P02-213 - QTc interval changes during ECT-ziprasidone-quetiapine-tricyclics co-administration: safety issues

Objectives Both tricyclic antidepressants and some atypical antipsychotics, such as ziprasidone and quetiapine, used as augmentation agents in severe major depression, are known to increase QTc interval to a moderate extent (10-20 msec). Moreover, electroconvulsive therapy (ECT) also increases patients’ propensity to arrhythmias. Finally, females are more prone than males to both drug-induced QTc prolongation and torsades-de-pointes. Thus, the combination of all the above treatments raises serious safety concerns. We investigated the safety of the co-administration of ECT with a tricyclic-ziprasidone-quetiapine combination with respect to QTc interval in six female patients with severe major depression resistant to pharmacotherapy.
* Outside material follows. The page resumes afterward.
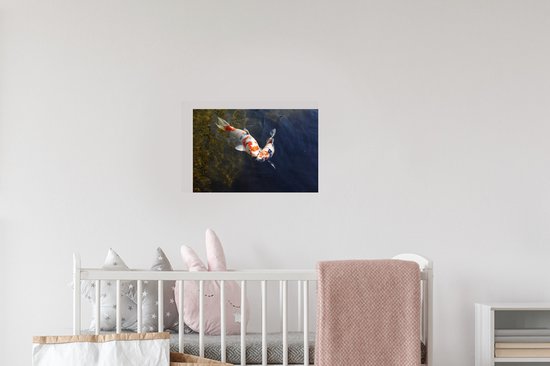 Sticker Muursticker carpe koï - Deux carpes koï dans l'eau - 30x20 cm - feuille adhésive autocollante - sticker mural repositionnable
Methods Each patient underwent a series of 10-11 sessions of bilateral ECT. QTc intervals were calculated at baseline and several times up to 10 min after seizures cessation in a total of 63 patients/ECT sessions. Results A small initial decrease of QTc after the administration of pre-ECT medications was followed by its steady statistically non-significant increase during the first 20 sec after seizure cessation. Thereafter, a steady larger and statistically significant decrease of QTc emerged during the ensuing 21-50 sec interval. Finally, this decrease was gradually reversed within the following 2 min approximately with return of QTc interval to stable baseline levels. Conclusions Overall, QTc interval changes remained within normal limits (fixed at 470 msec in women), without the occurrence of any cardiac adverse events, especially severe arrhythmias such as torsades-de-pointes. Our findings suggest that the co-administration of these treatments might be safe, at least with respect to QTc interval changes.

Primary and secondary affective disorders in a sample of alcohol dependent inpatients: sociodemographic differences

Background Several studies indicate that patients with comorbid alcohol dependence and affective syndromes can be differentiated on the basis of the time of onset of mood symptoms relative to alcohol abuse. However, there are limited data on the underlying pathogenetic mechanisms and risk factors that differentiate between primary and secondary affective disorders (AD) in the context of alcohol dependence. In the present study we investigated the sociodemographic characteristics, family history and the course of illness in cases of comorbid alcohol dependence and AD.